Fiquei sem saber o que dizer. Esbocei um gesto e em seguida, apenas para fazer alguma coisa, levantei a ponta do xale que cobria a cabeça da criança. Deixei cair o xale novamente e voltei-me para o rio. O menino estava morto. Entrelacei as mãos para dominar o tremor que me sacudiu. Estava morto. A mãe continuava a niná-lo, apertando-o contra o peito. Mas ele estava morto.
Debrucei-me na grade da barca e respirei penosamente: era como se estivesse mergulhada até o pescoço naquela água. Senti que a mulher se agitou atrás de mim
— Estamos chegando — anunciou.
Apanhei depressa minha pasta. O importante agora era sair, fugir antes que ela descobrisse, correr para longe daquele horror. Diminuindo a marcha, a barca fazia uma larga curva antes de atracar. O bilheteiro apareceu e pôs-se a sacudir o velho que dormia:
– Chegamos!… Ei! chegamos!
Aproximei-me evitando encará-la.
— Acho melhor nos despedirmos aqui — disse atropeladamente, estendendo a mão.
Ela pareceu não notar meu gesto. Levantou-se e fez um movimento como se fosse apanhar a sacola. Ajudei-a, mas ao invés de apanhar a sacola que lhe estendi, antes mesmo que eu pudesse impedi-lo, afastou o xale que cobria a cabeça do filho.

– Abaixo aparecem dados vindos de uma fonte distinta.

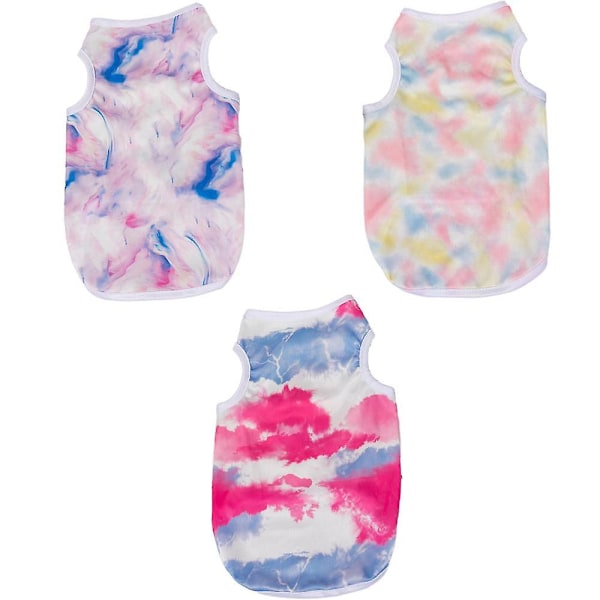 Hundevest 3-pak Tie Dye Hundetrøje Blød Hvalpe Tøj Åndbart Killinge T-shirt Farverig Hundetanktop Kæledyr-xs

— Acordou o dorminhoco! E olha aí, deve estar agora sem nenhuma febre.
— Acordou?!
Ela sorriu:
— Veja…
Inclinei-me. A criança abrira os olhos — aqueles olhos que eu vira cerrados tão definitivamente. E bocejava, esfregando a mãozinha na face corada. Fiquei olhando sem conseguir falar.
— Então, bom Natal! — disse ela, enfiando a sacola no braço.

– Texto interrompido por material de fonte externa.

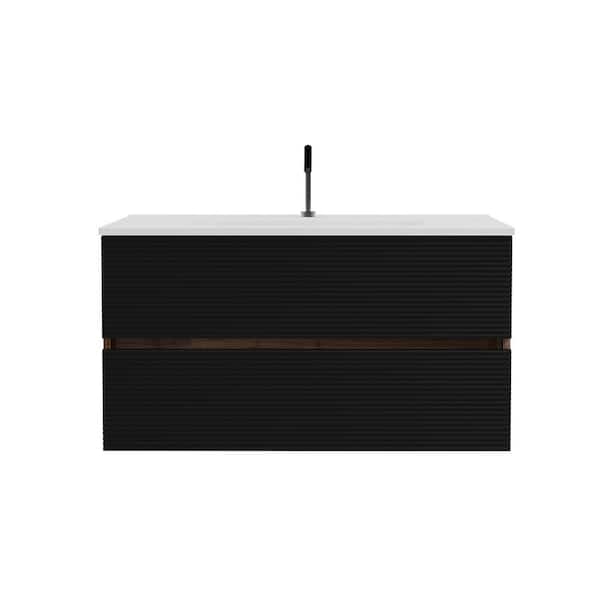 Glory 36 in. Single Sink Wall Mounted Walnut with Soft Black Panel Bath Vanity with White Integrated Ceramic Top Sink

Sob o manto preto, de pontas cruzadas e atiradas para trás, seu rosto resplandecia. Apertei-lhe a mão vigorosa e acompanhei-a com o olhar até que ela desapareceu na noite.
Conduzido pelo bilheteiro, o velho passou por mim retomando seu afetuoso diálogo com o vizinho invisível. Saí por último da barca. Duas vezes voltei-me ainda para ver o rio. E pude imaginá-lo como seria de manhã cedo: verde e quente. Verde e quente.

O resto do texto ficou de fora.